’Tis the season of good cheer ending in the start of a new year, which some of us look forward to and others dread. Either way, it is worth reviewing your organisation’s procedures for dealing with alcohol misuse, writes Jon Herbert.
Attitudes have changed considerably in recent times, with zero tolerance for drink-driving and more awareness of the impacts of alcohol consumption. It is important to remember that being jolly does not mean the same thing for everyone.
As the season of merriment, office parties, work bashes and one-for-the-road gets into full swing, not everyone can manage their alcohol intake. Some know they cannot have even one drink, while others perhaps don’t know that they have a problem. Organisations must have policies and procedures in place to deal with and support those whose alcohol consumption affects them during working hours.
Under the Health and Safety at Work, etc Act 1974, employers have a duty to ensure the health, safety and welfare of employees. This means they have the same responsibilities towards alcohol use as any other potential health and safety risk in, and connected to, the workplace. As such, employers should make appropriate provisions to ensure that persons known to misuse substances do not affect the safety of themselves or others while at work. See the Drugs and Alcohol topic for detailed information.

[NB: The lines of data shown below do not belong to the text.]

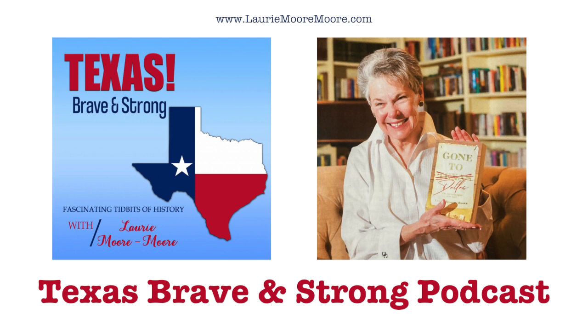This is Laurie Moore-Moore with Texas Brave and Strong, tidbits of Texas history you never learned in school. Today's podcast is titled, 'Oxen Can't Balance on Three Feet.' So how on earth did a blacksmith shoe them?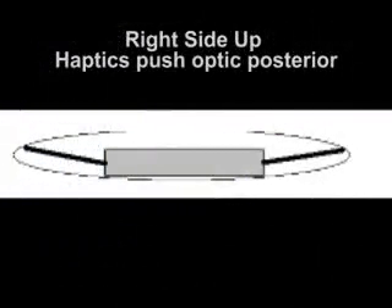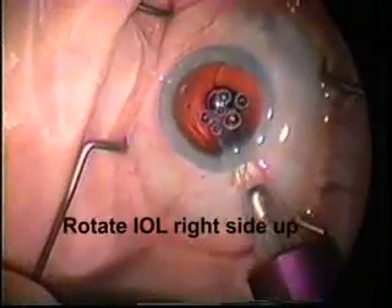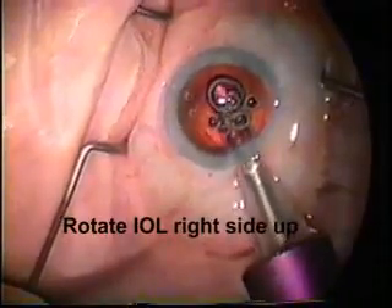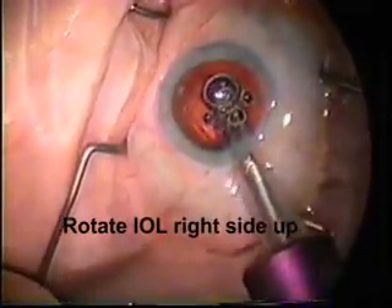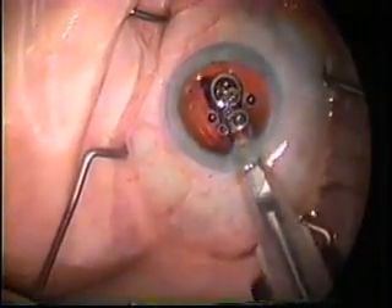Here's a patient of mine that had a myopic surprise postoperatively. Notice that haptic which is visible — it's upside down. It looks like an S. When the haptics are right side up, they tend to push the optic down. When they're upside down, they push the optic forward, which gives you a myopic surprise. So here the lens was rotated by twisting the cartridge to make sure that the intraocular lens was right side up.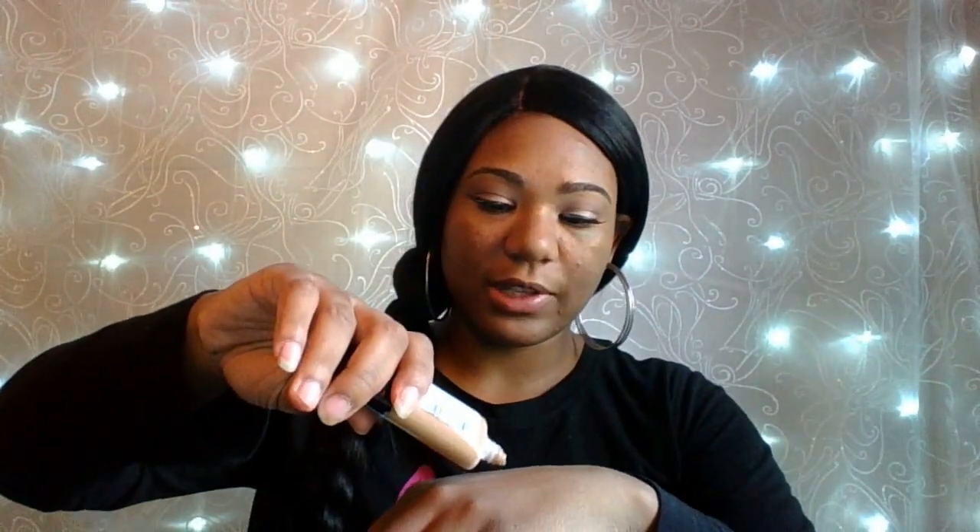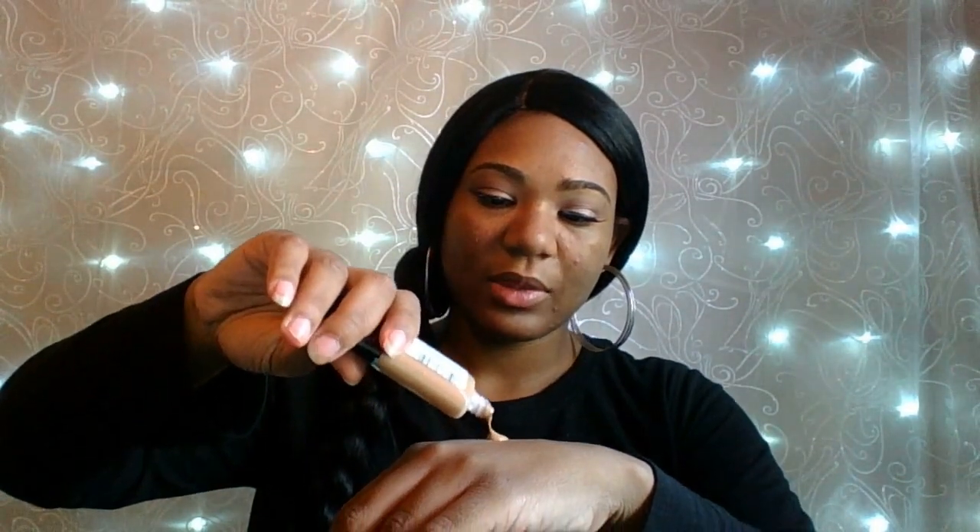So the next thing I'm going to do is my foundation. Today I'm using a different foundation — this is my first time using the Infallible Pro Foundation. I do use the face powder, so I did want to try out the foundation because I love the powder. I've already put a little bit on my hand and I'm just going to put it all over my face.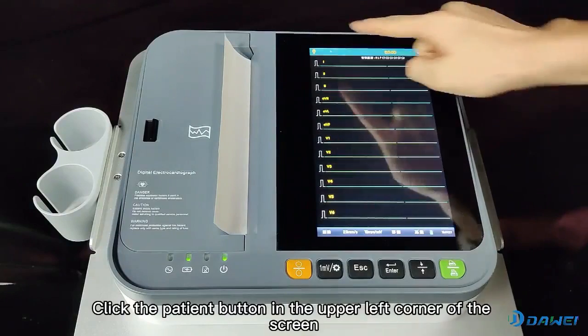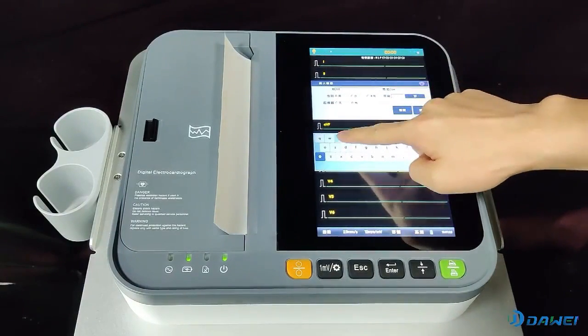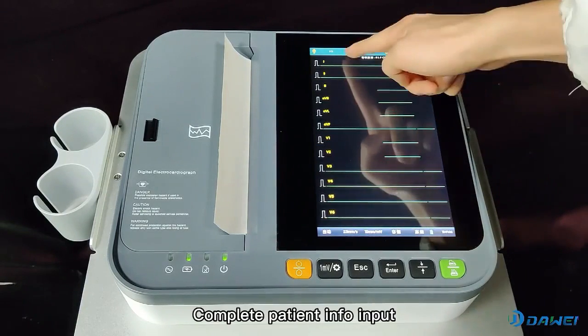For clinical use, click the patient button in the upper left corner of the screen. Input the patient ID, name, gender, whether the patient has a pacemaker, and age. Complete the patient info input.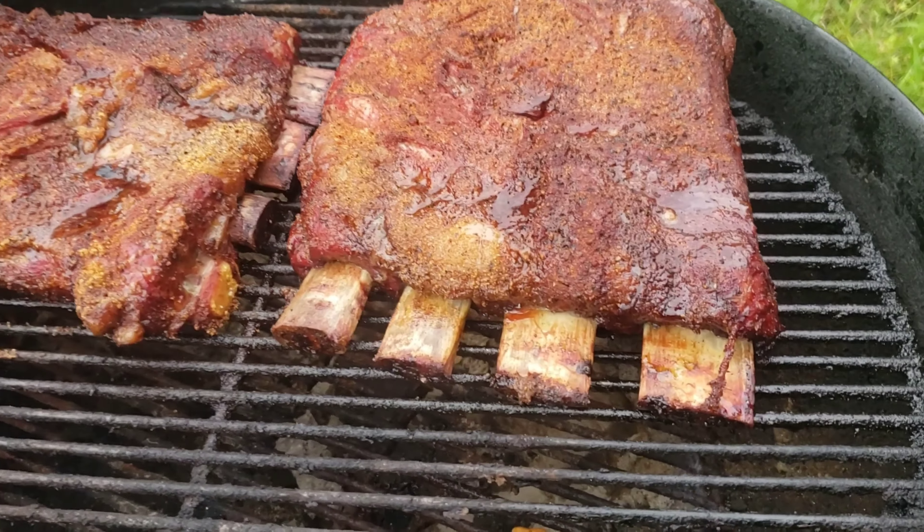Look at that — the fat rendered perfectly. Let's go ahead and give it a bite. Total cook time was around six hours without wrapping, just spritzing a little bit. Cheers y'all. Wow — perfect. Look at that, the fat rendered beautifully. It's got an awesome bark on it. That old copper Weber kettle really did a job. This is exactly how you want a beef rib to bite — you want it to just dissolve in your mouth but still stay on the bone. Look at that smoke ring — completely juicy. I don't even know where to get another bite from.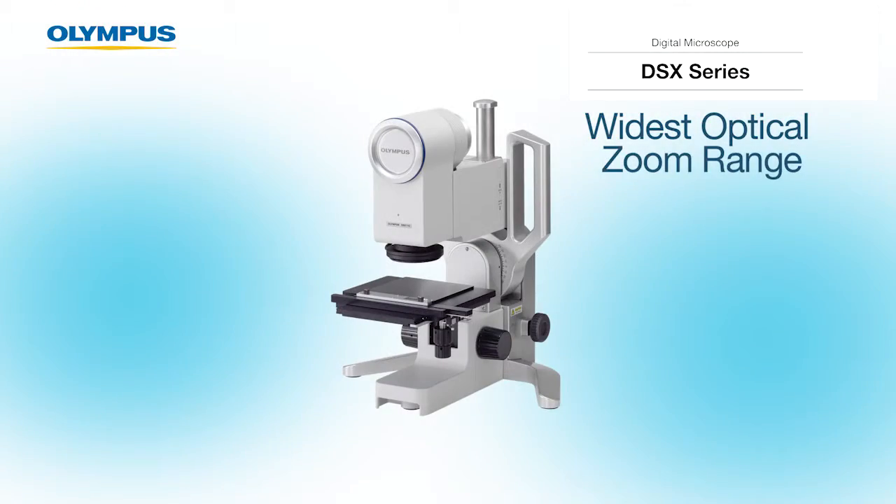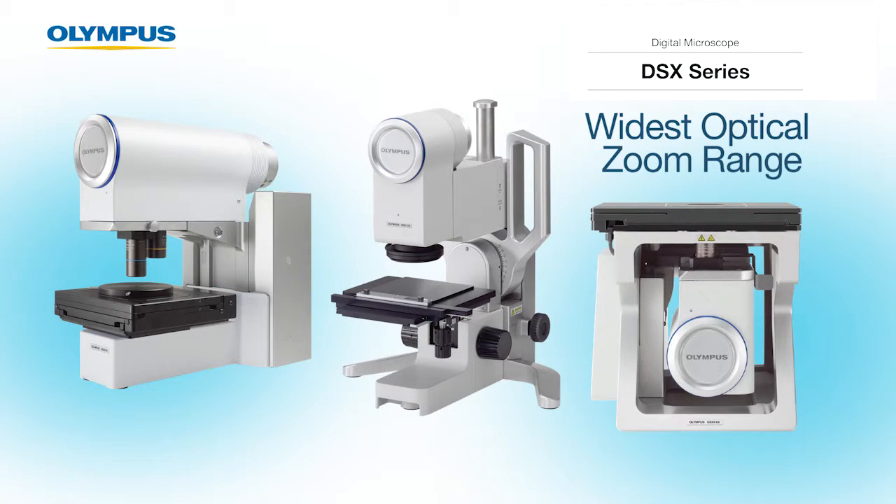Hello, my name is Christy Cobble from the Industrial Microscope Division of Olympus. In this video, I will discuss the wider optical zoom range available on the DSX series digital microscopes. Olympus DSX microscopes provide a wider optical zoom range than any other digital microscope on the market.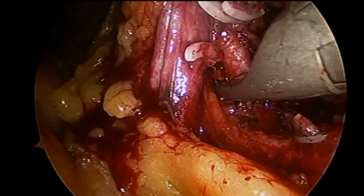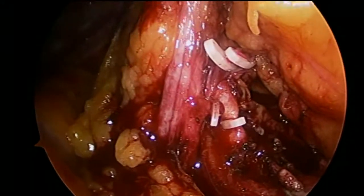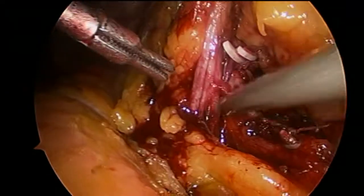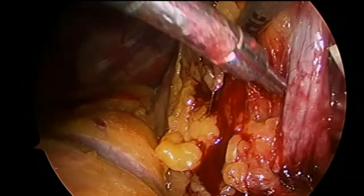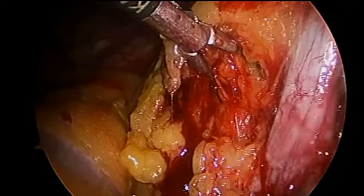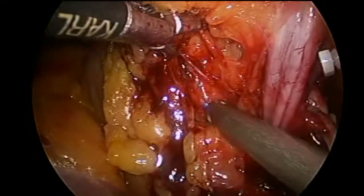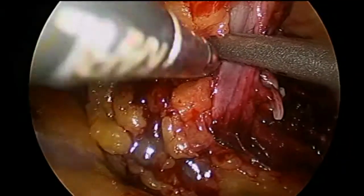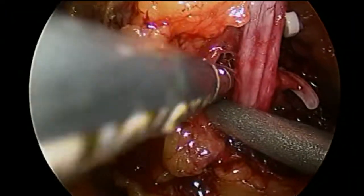Here we're putting a purple Hemlock on the renal artery. I usually use two on the stay side and one at the top. But sometimes if the artery is not easy to mobilize fully, I'll put a single clip on it to control the inflow, then take the vein and then come back and finish the artery off. We were dissecting more around the vein.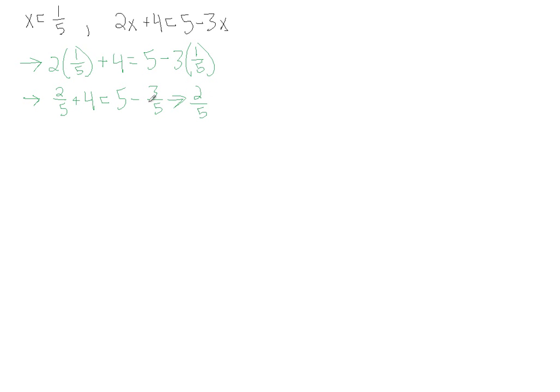Let's rewrite over a common denominator. We have 2 fifths plus 4; we can rewrite 4 as 20 over 5. On this side, we want to rewrite 5 with a common denominator of 5 so we can subtract these rational numbers — 5 is 25 over 5 — and we have our minus 3 over 5. If you're wondering how we did this, go back and review the videos on adding and subtracting rational numbers. Moving on: 2 fifths plus 20 over 5 is 22 over 5, and 25 over 5 minus 3 over 5 is 22 over 5. This checks out, which means that this solution is indeed valid for this equation.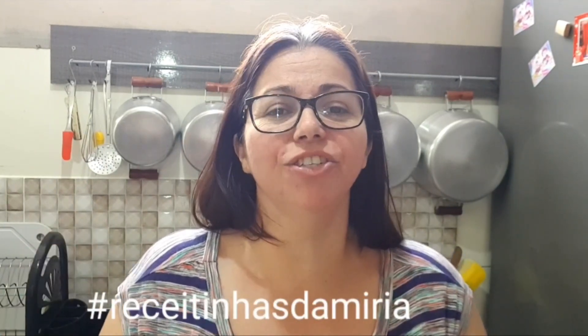Well guys, that was today's video. Make them at home and tag me with the hashtag #receitinhasdaMiriam on Instagram. I am sure you are going to love them. Follow me on Instagram — I will leave the link here and in the video description. And of course, please share my videos and like them if you are enjoying the content, so I can keep bringing you new recipes. Big kiss and see you in the next video! Bye!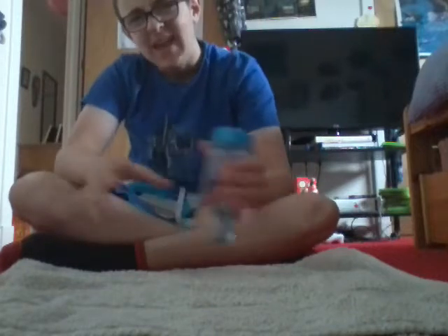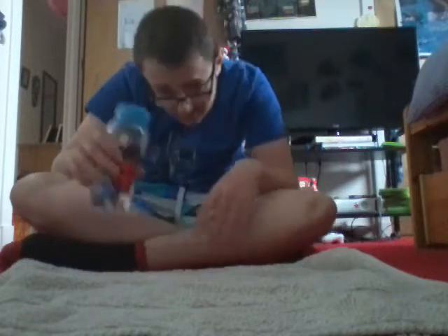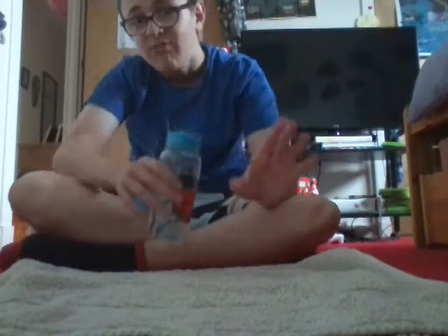Hey, what's up guys, it's Luke here with another video, and today we are going to do a challenge. We're gonna see if we can do a challenge where you have to use one of these bottles — like a regular bottle — you can't use a can though because I think that's way too simple.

How to develop your alcohol policy
Developing an appropriate company policy that applies to alcohol use is a structured process. This should include:
consulting with employees
a careful assessment of safety-critical work that could be affected by misuse
deciding if there are any cases that justify a screening and testing system, and crucially
how to provide discreet support for employees who have an alcohol problem and request help.
Consulting with employees
As with other health and safety issues, employers should consult with employees or their representatives, not only to give out information but also to listen to staff members — who may have different and new perspectives on an issue.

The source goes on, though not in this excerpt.